Testing Effect at relatively low, medium and high levels of the test anxiety

Discussion and Conclusions

The results of this study demonstrate that using tests enhances learning and has a significant effect on improving long-term retention of the different topics studied.

These results are consistent with other studies carried out in this area, which have shown that testing has considerable benefits for memory retention. In cognitive psychology this effect is referred to as the “testing effect”. The majority of initial studies of this effect were carried out in psychology laboratories with the use of non-significant material of different kinds (e.g. verbal and visual material). Despite the large number of studies in this area, it is only recently that studies have been made into the possibility of using this procedure in education. These studies have shown that it is possible to use this methodology to improve memory in real educational settings. The testing effect is a robust effect and even with fairly small samples, as in the case of our study, it is possible to observe the benefits of using tests.

Therefore, TEL methodologies could certainly be an effective tool for promoting and enhancing learning. In fact, taking tests after studying produced better long-term retention followed by better final test performance than re-reading without testing.

This study shows that both students in the TEL group as well as those in the Re-study group with a high test anxiety level perform less well than colleagues with lower test anxiety. Nevertheless, students with higher test anxiety may obtain more benefits from participating in a TEL learning process.

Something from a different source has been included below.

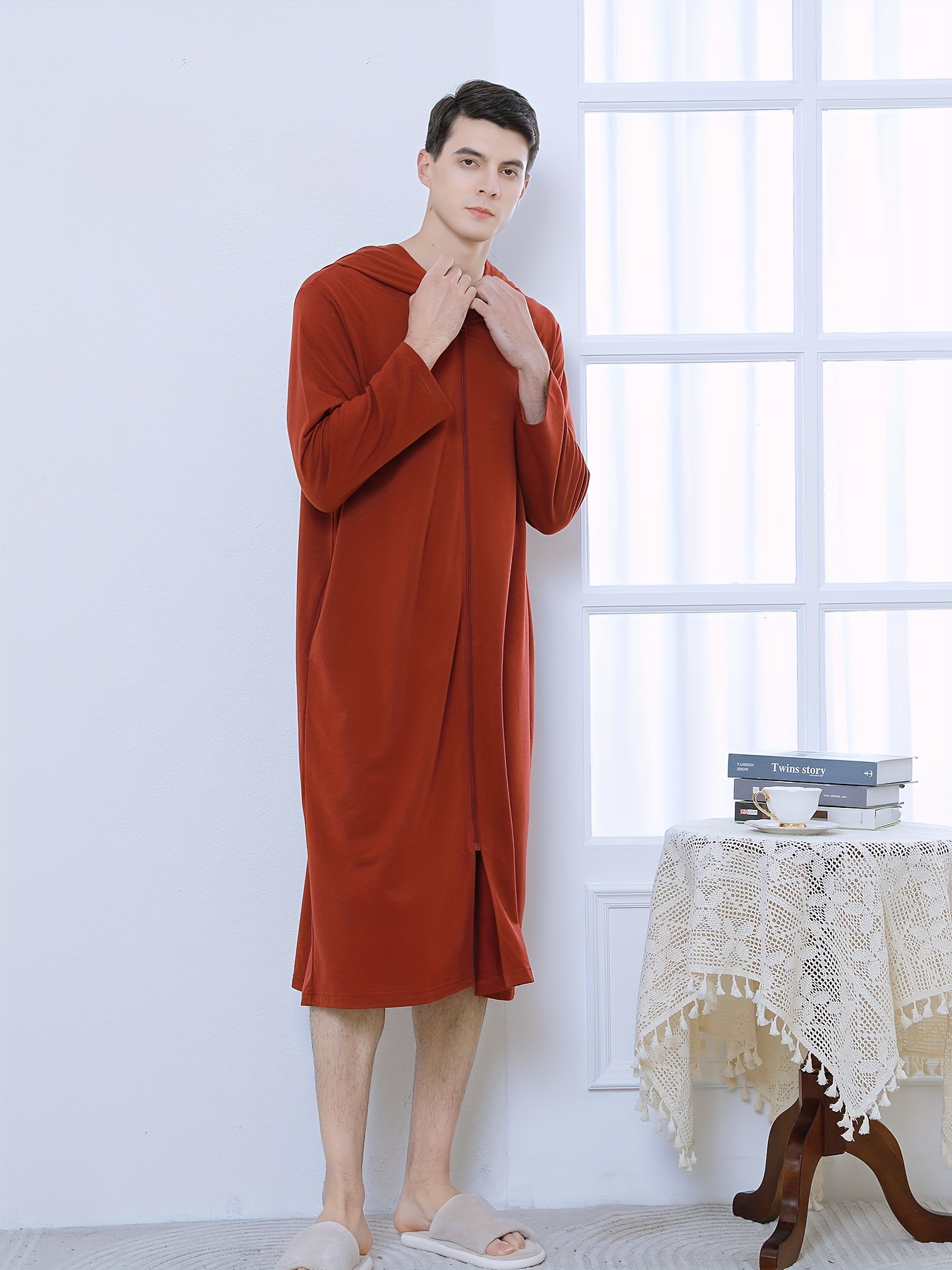*'s Zipper Robe Summer Thin Pajamas Home Clothes Couple Summer Hooded Long  Bathrobe
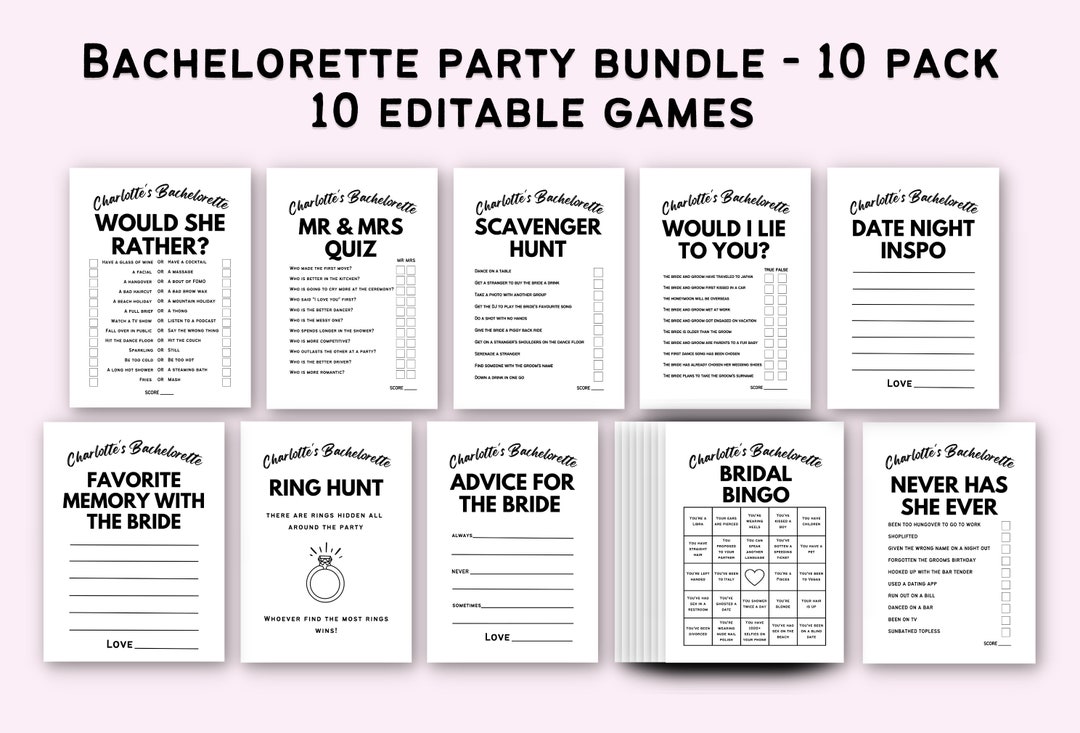 Bachelorette Party Games Bundle, Minimalist, Printable, Edit With Canva ...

A slight moderating effect of test anxiety on TEL was observed. However, further investigation is necessary in order to improve the understanding of test anxiety - TEL program interaction.

One limitation of the current study is that a large number of students in the Re-study group were excluded from the sample (40 participants) because some data was not recorded properly due to a technical hitch with the web system implemented for the research study.

The lack of measurement of test anxiety close to the final cumulative tests and the final examination represents another limitation of this study, but at the same time a way to further investigate the relationship between TEL and test anxiety.

In conclusion, new studies for better understanding how a TEL program can be integrated into real contexts are needed. In an interesting recent study, Hinze and Rapp investigated the effects of performance pressure on retrieval practice [39]. They found that only low-stake tests led to performance benefits over a re-study control group. A possible next step of particular relevance in this research area could be to replicate our study in low-stake and high-stake situations, in which, for example, performance pressure during test is induced, and investigate how test anxiety may affect retrieval practice benefits in the two different situations.